Lewis indicated that she was pleased with the turnout of the media to this important session where media professionals get to do some level of introspection after being exposed to traumatic situations ever so often during the course of their work.
“They are human beings first and like everybody else they are affected by the level of trauma and so it is important for them to be able to manage, to deal with the trauma so that they too can give the best in their jobs” Lewis stated.
The Human Services Director went on to say that she was not surprised by some of the candid statements made the media participants.
“When you hear some media person say that they too, cry behind the camera. I don’t think that some persons would figure media persons would cry when they are filming a story because as the public we don’t see them as being human. We just see them as persons who carry stories.” Lewis added.
High traumatic situations, Lewis noted, affects everybody. It affects the viewer, the person filming the situation from the child to the eldest person. It can evoke different emotions in various persons.
“For somebody who is already depressed and distressed, it can further distress them. It can cause them to feel a further level of despondency.”

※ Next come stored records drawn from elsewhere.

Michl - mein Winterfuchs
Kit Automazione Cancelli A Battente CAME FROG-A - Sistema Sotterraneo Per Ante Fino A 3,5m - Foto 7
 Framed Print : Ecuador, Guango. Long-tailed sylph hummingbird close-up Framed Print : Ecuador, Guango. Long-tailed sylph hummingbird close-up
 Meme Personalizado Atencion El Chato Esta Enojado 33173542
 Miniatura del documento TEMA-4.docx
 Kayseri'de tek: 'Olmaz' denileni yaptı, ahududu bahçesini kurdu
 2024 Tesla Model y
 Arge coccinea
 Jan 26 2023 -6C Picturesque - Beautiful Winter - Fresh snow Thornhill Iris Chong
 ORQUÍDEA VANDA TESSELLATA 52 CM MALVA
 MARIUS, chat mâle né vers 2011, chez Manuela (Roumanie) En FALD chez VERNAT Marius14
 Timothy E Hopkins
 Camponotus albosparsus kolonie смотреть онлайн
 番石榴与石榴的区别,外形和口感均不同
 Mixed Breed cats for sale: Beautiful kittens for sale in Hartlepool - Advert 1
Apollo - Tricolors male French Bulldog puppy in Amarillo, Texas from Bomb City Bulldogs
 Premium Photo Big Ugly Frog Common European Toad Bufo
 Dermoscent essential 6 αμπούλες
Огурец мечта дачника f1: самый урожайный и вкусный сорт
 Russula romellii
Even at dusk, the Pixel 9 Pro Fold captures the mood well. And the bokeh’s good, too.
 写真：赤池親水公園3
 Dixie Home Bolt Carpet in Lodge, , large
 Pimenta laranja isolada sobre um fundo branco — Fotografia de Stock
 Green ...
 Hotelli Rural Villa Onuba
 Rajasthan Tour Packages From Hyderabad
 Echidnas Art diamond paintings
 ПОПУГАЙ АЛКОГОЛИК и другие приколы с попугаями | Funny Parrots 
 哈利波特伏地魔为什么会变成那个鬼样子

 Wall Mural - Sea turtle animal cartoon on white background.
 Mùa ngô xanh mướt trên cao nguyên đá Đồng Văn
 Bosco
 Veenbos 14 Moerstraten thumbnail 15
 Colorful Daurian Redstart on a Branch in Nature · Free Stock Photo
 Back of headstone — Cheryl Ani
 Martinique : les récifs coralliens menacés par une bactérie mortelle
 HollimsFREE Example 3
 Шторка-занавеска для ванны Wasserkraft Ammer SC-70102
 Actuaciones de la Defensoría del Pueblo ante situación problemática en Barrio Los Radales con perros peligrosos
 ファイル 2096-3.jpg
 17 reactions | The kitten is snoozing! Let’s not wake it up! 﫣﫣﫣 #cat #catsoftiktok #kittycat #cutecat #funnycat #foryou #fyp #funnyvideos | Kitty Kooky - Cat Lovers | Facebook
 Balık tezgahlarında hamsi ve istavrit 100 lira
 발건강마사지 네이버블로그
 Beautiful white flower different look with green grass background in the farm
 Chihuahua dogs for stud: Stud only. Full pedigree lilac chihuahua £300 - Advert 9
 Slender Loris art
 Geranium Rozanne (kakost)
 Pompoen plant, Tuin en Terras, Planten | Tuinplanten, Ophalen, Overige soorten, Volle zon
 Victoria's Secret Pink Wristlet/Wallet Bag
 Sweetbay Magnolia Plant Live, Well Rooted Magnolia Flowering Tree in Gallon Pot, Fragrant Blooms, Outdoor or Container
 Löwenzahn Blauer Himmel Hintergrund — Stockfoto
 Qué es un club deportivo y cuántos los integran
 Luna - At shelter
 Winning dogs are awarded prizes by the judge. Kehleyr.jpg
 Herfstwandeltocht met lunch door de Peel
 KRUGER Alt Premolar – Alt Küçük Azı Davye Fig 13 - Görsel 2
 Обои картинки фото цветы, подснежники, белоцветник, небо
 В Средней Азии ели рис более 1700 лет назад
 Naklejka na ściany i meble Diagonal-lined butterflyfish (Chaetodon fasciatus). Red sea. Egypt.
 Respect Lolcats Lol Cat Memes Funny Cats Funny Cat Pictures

Lewis remarked that though it is important for the media to get the story out there they must be mindful not to present it in a manner which causes further distress to their audience.
Jeremiah Joseph a videographer with Helen Television System stated that the session was an eye opener for him having documented traumatic situations for many years.
“I never thought we were having such an impact on people’s lives especially when we cover these stories and what damage we can be doing to people. It really helped me to understand, it has an impact on me I didn’t recognize that…Going on murder scenes is like a norm for me, it’s nothing, it’s like adrenaline for me to get on the scene but not knowing I could have a serious impact on people’s lives makes me feel now that when I go on the scene that I have to be more sensitive and understanding to families.”
News Reporter with Radio Caribbean International and Choice TV, Cherry Ann Gaillard-Williams pointed out that she really needed this session because the volume of crime stories she has written and reported on did have an impact on her.
“We’re not just reporting on the people who were directly affected but some of those incidences also affect us as well and some of us don’t even realize it.”
Many of the participants felt that the session was very rewarding and timely and were grateful to the Ministry of Health for providing this completely free professional intervention.